Your Life As A House

I was thinking this morning during a conversation with my wife.  That happens a lot on Saturday mornings, because we both drink coffee and the kids quiet down as we drive around our side of town and sight see.  The thoughts were about people we know who claim to be Christians, and think they are going to Heaven, but who I doubt very much ever talk about, think about, pray to, delight in, or want to obey Jesus.  

I don’t know if such people have ever been taught what Christianity really is.   

Now great crowds accompanied him, and he turned and said to them, ‘If anyone comes to me and does not hate his own father and mother and wife and children and brothers and sisters, yes, and even his own life, he cannot be my disciple.  Whoever does not bear his own cross and come after me cannot be my disciple.  For which of you, desiring to build a tower, does not first sit down and count the cost, whether he has enough to complete it?  Otherwise, when he has laid a foundation and is not able to finish, all who see it begin to mock him, saying, This man began to build and was not able to finish.  Or what king, going out to encounter another king in war, will not sit down first and deliberate whether he is able with ten thousand to meet him who comes against him with twenty thousand?  And if not, while the other is yet a great way off, he sends a delegation and asks for terms of peace.  So therefore, any one of you who does not renounce all that he has cannot be my disciple.’

Luke 14:25-33

Christianity must, by definition, change and even govern a man’s life.  

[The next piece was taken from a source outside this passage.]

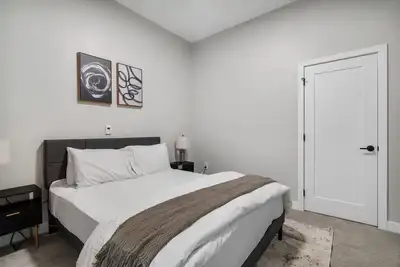 Image de 2br Near Fountain Sq. + Carew Tower Deck | Downtown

Let’s try a mental exercise.  

Picture your life as a house.  

Doesn’t matter what kind of a house.  Bungalow, cape cod, ranch, I don’t care.  Throw a swimming pool in the back if you want.  But picture your life, all of it, as a house right now for me.  

Got it in your mind?  Okay.  

Now, ask yourself, if you are a Christian:  What is your Christianity in that house?  

And be honest.  I can’t hear your answer.  And just as good for me is the fact that you can’t hear mine.  

Is it a trophy on a shelf, sitting there decorating the place and making it slightly more presentable?  

Or is it a lovely picture on the living room wall, commemorating a happy time, but a silent picture, not having any voice at the dinner table or any sway in the discussions of the household budget?  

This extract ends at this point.